- _Supplied records_:
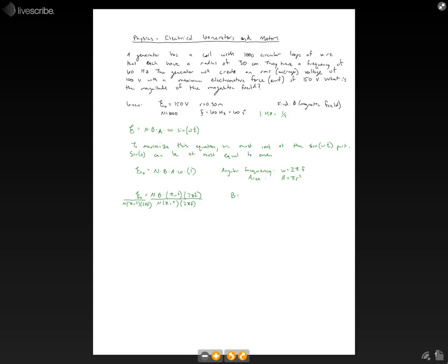So really we should get an equation that looks like the magnetic field is equal to the maximum electromotive force divided by the number of circular loops multiplied by, let's see, we can try to simplify some of this together by saying pi squared times r squared times f. And I'll go ahead and throw the 2 out front. That should be right.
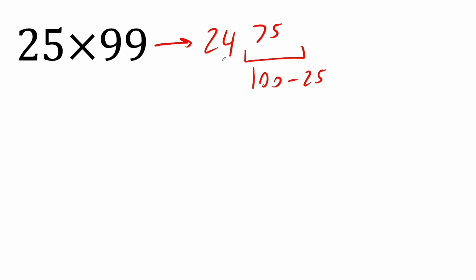Your final answer is 2, 4, 7, 5. Again, the 24 came from one less than 25. And then the 75 came from 100 minus 25. And we had to choose 100 here because we're dealing with 99. We're going to do more problems and so the pattern will be very clear.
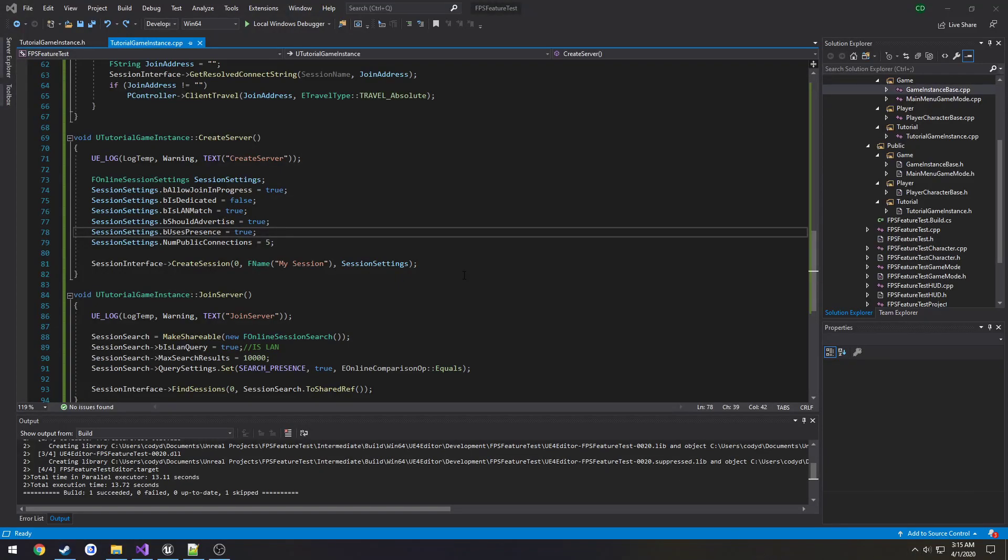In this video we're going to be setting ourselves up to be using the Steam subsystem. Previously we were using the null subsystem which is essentially just a way to allow us to connect and really just test easily with ourselves.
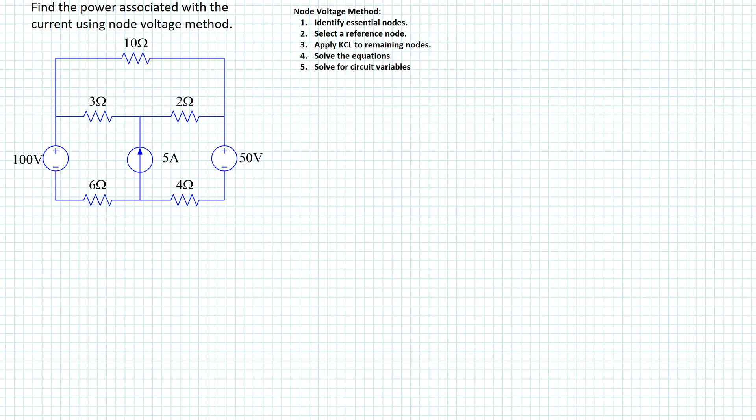In this example, the goal is to find the power associated with the current source using the node voltage method. The five steps involved in applying the node voltage method are shown here. Let's see how we can systematically apply these steps to solve the circuit.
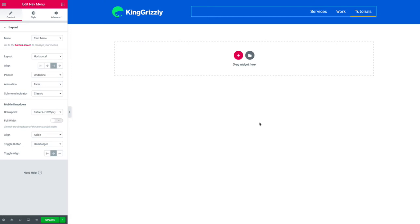Hi this is Brian with King Grizzly. Let's take a look at how to trigger an Elementor pop-up using a menu link or a text link.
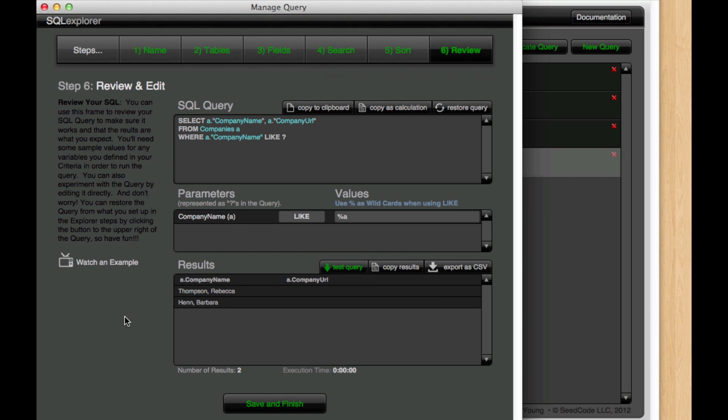And this is actually correct because these are the only results where we have an A with something in front of them but nothing behind them.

- _Exercise brief_: All of the material above is to be copied exactly, except for its images.

- _Solution_:
So really we should get an equation that looks like the magnetic field is equal to the maximum electromotive force divided by the number of circular loops multiplied by, let's see, we can try to simplify some of this together by saying pi squared times r squared times f. And I'll go ahead and throw the 2 out front. That should be right.
Your final answer is 2, 4, 7, 5. Again, the 24 came from one less than 25. And then the 75 came from 100 minus 25. And we had to choose 100 here because we're dealing with 99. We're going to do more problems and so the pattern will be very clear.
In this video we're going to be setting ourselves up to be using the Steam subsystem. Previously we were using the null subsystem which is essentially just a way to allow us to connect and really just test easily with ourselves.
In this example, the goal is to find the power associated with the current source using the node voltage method. The five steps involved in applying the node voltage method are shown here. Let's see how we can systematically apply these steps to solve the circuit.
Hi this is Brian with King Grizzly. Let's take a look at how to trigger an Elementor pop-up using a menu link or a text link.
And this is actually correct because these are the only results where we have an A with something in front of them but nothing behind them.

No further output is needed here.